Edenworks: The Future of Rooftop Farming

Photos by Jane Bruce
Photos by Jane Bruce

It was a brilliantly sunny (if cold and blustery) early spring day when I found myself wandering around Bushwick looking for the garden of Eden. Well, OK. Not the literal garden of Eden, though in many ways, as close to Eden as Bushwick gets. I was looking for Edenworks, a sky-high greenhouse which just might wind up revolutionizing rooftop farming as we know it.

Edenworks—founded by Jason Green, Ben Silverman, and Matt La Rosa—is not just any rooftop farm. It employs the system of aquaponic farming, whereby plants and fish live in a closed environment together, essentially feeding and feeding off each other, with a data-driven approach that is far more technological than what most people think of when they think of “rooftop farming.” In other words, the kind of farming being done at Edenworks has little to do with the little herb garden you have on your fire escape.

When I finally found Edenworks, I was given a tour by La Rosa, who guided me around the greenhouse, past huge vats of swimming tilapia, rows of vertically terraced plantings that included chard, radishes, and bright yellow, fist-size marigolds, and multiple machines, all of which were tracking the highly calibrated amounts of nutrients being supplied to the plants by the fish, in the form of, well, poop.

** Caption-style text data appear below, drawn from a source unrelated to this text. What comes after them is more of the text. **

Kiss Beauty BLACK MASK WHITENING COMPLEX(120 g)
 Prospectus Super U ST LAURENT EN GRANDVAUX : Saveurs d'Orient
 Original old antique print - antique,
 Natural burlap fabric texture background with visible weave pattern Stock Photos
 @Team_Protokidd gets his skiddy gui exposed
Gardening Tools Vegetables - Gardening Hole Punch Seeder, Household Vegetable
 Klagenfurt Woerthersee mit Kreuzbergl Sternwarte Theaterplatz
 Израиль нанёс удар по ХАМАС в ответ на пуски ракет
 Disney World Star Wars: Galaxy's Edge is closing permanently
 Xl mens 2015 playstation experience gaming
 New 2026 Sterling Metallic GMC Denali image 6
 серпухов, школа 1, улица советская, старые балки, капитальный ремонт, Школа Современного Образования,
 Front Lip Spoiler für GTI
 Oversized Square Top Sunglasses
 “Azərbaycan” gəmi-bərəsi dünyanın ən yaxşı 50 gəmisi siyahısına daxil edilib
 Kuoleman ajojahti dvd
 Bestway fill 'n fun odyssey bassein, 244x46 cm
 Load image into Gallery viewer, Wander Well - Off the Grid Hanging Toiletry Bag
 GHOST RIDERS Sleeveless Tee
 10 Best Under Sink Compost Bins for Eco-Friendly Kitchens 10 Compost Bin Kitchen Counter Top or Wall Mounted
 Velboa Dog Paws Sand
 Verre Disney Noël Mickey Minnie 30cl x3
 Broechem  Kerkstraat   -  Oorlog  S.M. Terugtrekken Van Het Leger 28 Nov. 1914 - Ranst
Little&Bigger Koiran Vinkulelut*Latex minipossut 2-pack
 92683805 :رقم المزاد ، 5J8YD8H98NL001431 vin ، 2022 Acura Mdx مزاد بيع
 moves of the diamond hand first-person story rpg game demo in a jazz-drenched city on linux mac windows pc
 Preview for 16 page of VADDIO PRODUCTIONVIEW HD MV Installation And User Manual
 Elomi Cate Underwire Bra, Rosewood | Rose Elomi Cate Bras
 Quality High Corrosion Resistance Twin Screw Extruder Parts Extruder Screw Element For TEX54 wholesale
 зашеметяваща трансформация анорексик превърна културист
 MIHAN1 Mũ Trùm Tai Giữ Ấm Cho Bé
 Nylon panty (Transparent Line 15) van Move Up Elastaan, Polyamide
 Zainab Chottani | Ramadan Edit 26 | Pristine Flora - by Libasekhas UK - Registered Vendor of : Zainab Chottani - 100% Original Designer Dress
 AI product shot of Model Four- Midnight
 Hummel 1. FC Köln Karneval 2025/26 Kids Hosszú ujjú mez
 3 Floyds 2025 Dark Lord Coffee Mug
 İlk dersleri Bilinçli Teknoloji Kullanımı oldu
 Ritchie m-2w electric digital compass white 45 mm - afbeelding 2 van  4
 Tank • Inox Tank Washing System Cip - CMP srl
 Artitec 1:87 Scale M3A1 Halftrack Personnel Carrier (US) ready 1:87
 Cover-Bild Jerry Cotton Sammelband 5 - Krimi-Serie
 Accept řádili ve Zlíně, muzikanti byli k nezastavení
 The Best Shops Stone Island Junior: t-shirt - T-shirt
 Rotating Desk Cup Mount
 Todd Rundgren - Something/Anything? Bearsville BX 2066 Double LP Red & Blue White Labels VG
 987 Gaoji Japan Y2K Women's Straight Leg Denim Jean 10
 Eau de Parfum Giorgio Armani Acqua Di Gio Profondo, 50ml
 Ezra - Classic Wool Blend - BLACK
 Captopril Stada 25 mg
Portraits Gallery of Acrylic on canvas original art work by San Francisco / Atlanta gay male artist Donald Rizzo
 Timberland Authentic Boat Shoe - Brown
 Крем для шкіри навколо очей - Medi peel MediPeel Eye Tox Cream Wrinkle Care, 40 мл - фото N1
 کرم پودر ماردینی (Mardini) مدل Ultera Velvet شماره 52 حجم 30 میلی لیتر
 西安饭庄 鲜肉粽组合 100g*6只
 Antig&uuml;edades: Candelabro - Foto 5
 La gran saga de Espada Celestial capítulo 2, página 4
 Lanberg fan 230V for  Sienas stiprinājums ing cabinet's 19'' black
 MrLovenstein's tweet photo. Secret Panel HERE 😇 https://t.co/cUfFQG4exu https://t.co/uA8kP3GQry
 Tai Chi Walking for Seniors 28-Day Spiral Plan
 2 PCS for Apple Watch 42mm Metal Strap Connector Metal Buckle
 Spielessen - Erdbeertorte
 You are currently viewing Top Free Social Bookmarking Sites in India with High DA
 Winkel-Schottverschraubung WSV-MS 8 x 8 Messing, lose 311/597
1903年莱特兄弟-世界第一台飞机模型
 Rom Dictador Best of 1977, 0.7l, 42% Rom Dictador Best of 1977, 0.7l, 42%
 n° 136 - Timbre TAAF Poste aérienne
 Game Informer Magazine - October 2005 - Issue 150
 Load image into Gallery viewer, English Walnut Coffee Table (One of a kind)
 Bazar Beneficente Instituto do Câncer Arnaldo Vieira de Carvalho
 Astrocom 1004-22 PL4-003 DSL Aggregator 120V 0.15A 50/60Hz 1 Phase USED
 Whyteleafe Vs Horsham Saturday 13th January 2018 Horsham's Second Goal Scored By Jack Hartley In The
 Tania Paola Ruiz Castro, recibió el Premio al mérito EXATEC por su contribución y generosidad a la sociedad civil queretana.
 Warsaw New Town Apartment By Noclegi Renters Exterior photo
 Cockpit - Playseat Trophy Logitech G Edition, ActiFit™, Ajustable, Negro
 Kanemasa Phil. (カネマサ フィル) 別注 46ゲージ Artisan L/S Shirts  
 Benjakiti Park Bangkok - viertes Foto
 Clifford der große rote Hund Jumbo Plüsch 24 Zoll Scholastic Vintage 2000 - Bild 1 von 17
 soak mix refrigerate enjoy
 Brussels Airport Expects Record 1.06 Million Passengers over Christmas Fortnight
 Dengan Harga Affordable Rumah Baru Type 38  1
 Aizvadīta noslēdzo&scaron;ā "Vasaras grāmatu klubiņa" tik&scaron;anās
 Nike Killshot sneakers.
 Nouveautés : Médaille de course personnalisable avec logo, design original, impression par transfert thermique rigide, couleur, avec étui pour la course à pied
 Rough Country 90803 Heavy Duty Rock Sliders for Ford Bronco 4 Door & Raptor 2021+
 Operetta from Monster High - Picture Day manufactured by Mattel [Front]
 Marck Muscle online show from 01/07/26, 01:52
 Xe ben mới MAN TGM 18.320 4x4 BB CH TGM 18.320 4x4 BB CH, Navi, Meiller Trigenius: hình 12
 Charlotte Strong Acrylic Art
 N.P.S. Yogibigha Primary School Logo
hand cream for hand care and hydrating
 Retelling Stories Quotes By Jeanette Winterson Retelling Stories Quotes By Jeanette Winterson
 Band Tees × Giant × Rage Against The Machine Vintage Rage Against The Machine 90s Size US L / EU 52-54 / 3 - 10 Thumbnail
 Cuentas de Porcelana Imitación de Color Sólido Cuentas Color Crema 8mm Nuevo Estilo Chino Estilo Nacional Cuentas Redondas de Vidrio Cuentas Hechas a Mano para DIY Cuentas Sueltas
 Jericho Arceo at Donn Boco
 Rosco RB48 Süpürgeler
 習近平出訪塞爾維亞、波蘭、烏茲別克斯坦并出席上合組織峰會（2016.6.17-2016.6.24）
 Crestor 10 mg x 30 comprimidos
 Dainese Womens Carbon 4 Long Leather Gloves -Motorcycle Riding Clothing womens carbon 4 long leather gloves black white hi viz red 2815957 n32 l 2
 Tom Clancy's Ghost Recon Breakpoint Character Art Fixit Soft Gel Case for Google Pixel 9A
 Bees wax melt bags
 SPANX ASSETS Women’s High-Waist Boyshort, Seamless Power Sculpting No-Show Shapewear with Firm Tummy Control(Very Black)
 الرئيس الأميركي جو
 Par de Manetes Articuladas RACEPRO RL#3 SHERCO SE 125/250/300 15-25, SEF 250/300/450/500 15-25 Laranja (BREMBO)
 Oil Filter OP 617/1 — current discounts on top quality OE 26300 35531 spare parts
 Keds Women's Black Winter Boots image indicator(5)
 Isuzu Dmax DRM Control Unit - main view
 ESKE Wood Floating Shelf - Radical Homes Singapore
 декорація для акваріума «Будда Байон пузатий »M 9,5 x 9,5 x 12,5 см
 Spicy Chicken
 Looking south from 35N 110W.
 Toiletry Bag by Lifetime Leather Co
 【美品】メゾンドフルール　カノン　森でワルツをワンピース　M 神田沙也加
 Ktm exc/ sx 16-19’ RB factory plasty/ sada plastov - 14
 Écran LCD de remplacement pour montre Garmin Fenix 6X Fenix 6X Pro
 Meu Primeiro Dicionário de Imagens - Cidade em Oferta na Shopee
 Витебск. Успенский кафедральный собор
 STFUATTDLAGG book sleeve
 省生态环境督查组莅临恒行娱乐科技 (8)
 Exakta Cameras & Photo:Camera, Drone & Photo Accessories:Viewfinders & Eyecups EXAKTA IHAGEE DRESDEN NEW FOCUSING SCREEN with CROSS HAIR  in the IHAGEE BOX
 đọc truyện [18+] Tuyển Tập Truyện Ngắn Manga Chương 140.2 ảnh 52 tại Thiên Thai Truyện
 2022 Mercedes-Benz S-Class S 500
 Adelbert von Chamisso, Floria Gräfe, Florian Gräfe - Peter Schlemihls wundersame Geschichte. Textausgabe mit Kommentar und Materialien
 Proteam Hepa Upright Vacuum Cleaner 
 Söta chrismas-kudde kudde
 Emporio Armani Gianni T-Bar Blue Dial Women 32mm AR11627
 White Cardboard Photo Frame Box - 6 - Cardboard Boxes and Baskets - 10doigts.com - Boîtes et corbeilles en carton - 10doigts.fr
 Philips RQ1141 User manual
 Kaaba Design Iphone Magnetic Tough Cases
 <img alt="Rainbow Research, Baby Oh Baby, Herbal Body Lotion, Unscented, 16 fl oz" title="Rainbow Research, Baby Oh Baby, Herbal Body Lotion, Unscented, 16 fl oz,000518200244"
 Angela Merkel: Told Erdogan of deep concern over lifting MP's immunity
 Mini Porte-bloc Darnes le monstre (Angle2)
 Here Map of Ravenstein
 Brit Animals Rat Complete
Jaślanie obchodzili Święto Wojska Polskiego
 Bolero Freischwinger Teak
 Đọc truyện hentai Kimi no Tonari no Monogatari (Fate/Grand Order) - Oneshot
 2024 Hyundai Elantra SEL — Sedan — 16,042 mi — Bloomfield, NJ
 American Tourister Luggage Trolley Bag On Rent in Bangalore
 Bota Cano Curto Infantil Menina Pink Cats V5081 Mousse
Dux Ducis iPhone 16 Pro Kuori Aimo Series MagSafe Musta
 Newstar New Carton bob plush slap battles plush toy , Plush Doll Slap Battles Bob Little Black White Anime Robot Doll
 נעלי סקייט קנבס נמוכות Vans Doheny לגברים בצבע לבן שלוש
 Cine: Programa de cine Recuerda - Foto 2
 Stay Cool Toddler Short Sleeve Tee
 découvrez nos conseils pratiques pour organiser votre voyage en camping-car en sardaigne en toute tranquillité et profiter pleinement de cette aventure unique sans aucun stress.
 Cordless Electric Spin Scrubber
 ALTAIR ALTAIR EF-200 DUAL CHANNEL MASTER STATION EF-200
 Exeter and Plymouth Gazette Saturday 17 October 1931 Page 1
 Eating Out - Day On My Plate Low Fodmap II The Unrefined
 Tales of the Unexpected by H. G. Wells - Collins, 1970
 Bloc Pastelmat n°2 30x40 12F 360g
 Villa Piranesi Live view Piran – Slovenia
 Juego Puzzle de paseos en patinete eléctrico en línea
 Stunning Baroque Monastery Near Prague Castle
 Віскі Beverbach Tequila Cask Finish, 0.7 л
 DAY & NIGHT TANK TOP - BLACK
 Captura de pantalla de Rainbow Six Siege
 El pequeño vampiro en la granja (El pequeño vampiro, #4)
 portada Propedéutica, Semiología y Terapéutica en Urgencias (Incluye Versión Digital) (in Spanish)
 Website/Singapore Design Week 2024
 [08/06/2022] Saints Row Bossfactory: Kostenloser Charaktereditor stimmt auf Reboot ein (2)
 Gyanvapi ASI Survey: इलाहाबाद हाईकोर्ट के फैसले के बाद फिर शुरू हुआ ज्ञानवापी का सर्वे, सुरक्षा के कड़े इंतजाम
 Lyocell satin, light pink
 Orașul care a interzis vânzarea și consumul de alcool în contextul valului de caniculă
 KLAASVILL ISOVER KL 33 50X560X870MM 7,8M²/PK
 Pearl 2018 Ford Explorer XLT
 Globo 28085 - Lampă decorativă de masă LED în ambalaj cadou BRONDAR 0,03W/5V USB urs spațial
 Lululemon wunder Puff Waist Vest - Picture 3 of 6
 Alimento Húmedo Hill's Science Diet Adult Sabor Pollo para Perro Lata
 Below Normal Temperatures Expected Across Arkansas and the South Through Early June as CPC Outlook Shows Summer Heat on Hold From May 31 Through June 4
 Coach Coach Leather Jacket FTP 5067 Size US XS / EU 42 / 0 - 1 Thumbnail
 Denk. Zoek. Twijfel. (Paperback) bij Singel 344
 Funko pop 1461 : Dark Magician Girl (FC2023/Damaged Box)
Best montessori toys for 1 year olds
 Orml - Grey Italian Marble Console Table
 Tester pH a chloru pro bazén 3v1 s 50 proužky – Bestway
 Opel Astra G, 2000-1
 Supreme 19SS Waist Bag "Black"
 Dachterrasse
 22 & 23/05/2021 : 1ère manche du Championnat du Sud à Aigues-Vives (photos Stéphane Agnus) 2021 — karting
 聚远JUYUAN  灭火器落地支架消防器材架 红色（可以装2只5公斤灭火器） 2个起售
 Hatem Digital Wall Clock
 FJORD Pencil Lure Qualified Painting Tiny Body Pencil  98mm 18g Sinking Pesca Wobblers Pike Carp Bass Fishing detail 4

The most exciting thing about aquaponic farming is that it’s incredibly energy efficient and the process itself creates almost no waste—even the fish wind up eventually being fed by fly larvae that, in turn, have fed off the compost created by excess plant material. But none of this would matter all that much if the plants being grown were just the kind of tasteless hothouse tomatoes that New Yorkers have to deal with (or forgo) come winter. Luckily, the food at Edenworks measures up to some of the best produce I’ve ever had: The radish microgreens had a sharp, peppery bite that was instantly addictive, and the Swiss chard was earthy and rich, like if “green” was a flavor instead of a color. If this is what the future tastes like, we’re in for a treat.